OGH: Zur Produkthaftung eines „Lohnherstellers“ (codeinhaltiger Hustensaft)
Der „Anscheinshersteller“ gem § 3 PHG ist primär haftpflichtig und kann sich nicht - wie ein Händler - durch Benennung des Herstellers bzw Vormannes von seiner Haftung befreien
§ 3 PHG, § 5 PHG, § 7 PHG, § 8 PHG, § 12 PHG
GZ 4 Ob 19/24h, 22.10.2024
OGH: Gem § 1 Abs 1 Z 1 PHG haftet der Unternehmer, der das fehlerhafte Produkt hergestellt und in den Verkehr gebracht hat.
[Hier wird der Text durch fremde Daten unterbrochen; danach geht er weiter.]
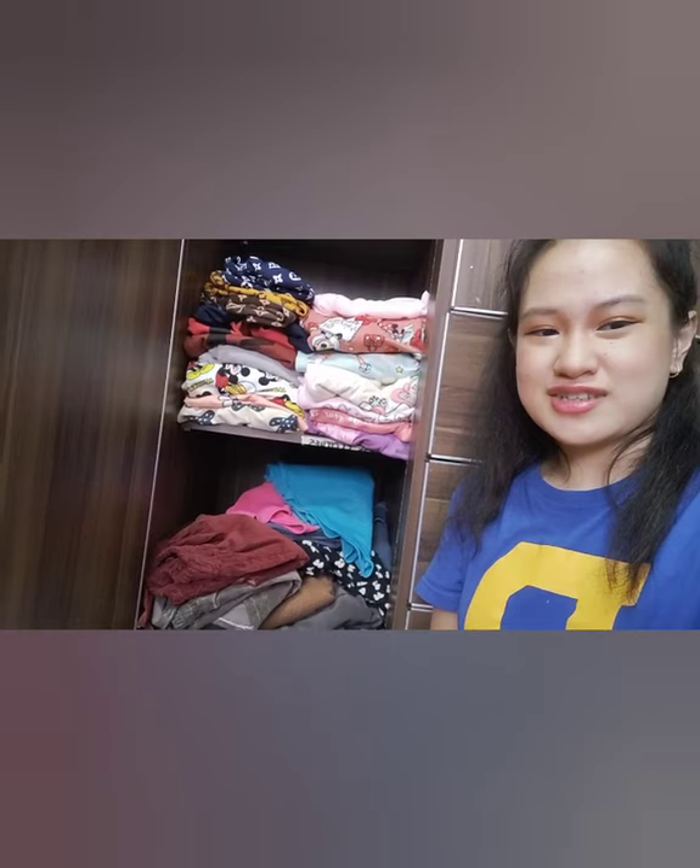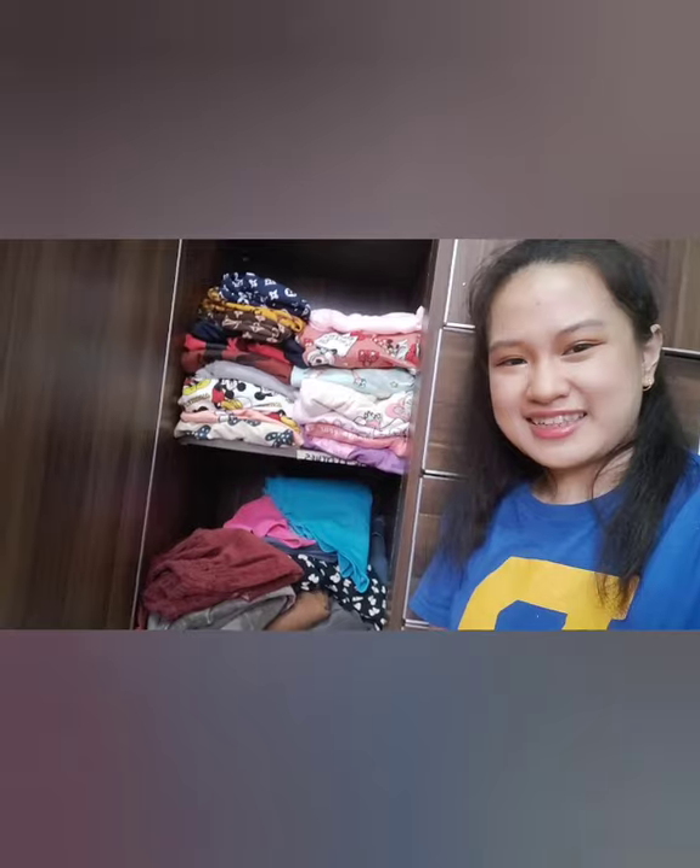Hi everyone, it's me Daphne and welcome to my channel. Since I'm done filming part three, I will be filming part four where I clean and arrange my jeans, shorts, skirts, and leggings. As you can see it's a bit messy at the front, but I'm not so sure if it's messy also at the back. At the end of the video I will be showing you the transformation — let's get into the video.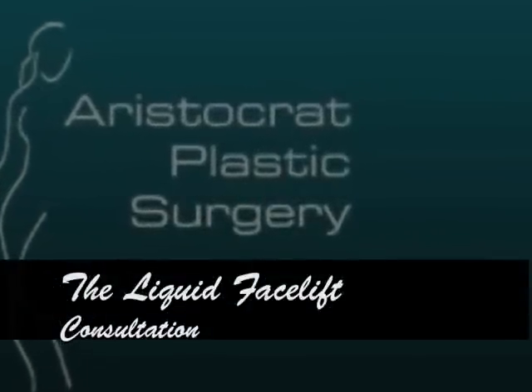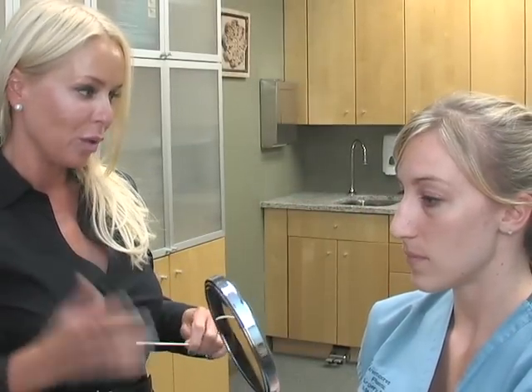Hi Nikki. So you're thinking about some injectables? When you look in the mirror, what would you like to improve or what's bothering you?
Hersteller idS ist derjenige, der das Endprodukt, einen Grundstoff oder ein Teilprodukt erzeugt hat, sowie jeder, der als Hersteller auftritt, indem er seinen Namen, seine Marke oder ein anderes Erkennungszeichen auf dem Produkt anbringt (§ 3 PHG). Nach § 6 PHG ist ein Produkt in den Verkehr gebracht, sobald es der Unternehmer, gleich aufgrund welchen Titels, einem anderen in dessen Verfügungsmacht oder zu dessen Gebrauch übergeben hat. Behauptet ein Hersteller oder Importeur, die Sache nicht in Verkehr gebracht zu haben, so obliegt ihm der Beweis dafür (§ 7 Abs 1 PHG). Ein Beklagter, der behauptet, dass das Produkt den für den Schaden kausalen Fehler noch nicht hatte, als er es in den Verkehr gebracht hat, hat dies als unter Berücksichtigung der Umstände wahrscheinlich darzutun (§ 7 Abs 2 PHG). Schließlich kann die Haftung gem § 8 Z 3 PHG zwar nicht durch mangelndes Verschulden, aber durch den Nachweis ausgeschlossen werden, dass - wenn der in Anspruch Genommene nur einen Grundstoff oder ein Teilprodukt hergestellt hat - der Fehler durch die Konstruktion des Produkts, in welches der Grundstoff oder das Teilprodukt eingearbeitet worden ist, oder durch die Anleitungen des Herstellers dieses Produkts verursacht worden ist. Im Übrigen bleibt dem in Anspruch Genommenen der Regress nach § 12 PHG, der ua auf eine Verursachung des Fehlers und Verschulden abstellt.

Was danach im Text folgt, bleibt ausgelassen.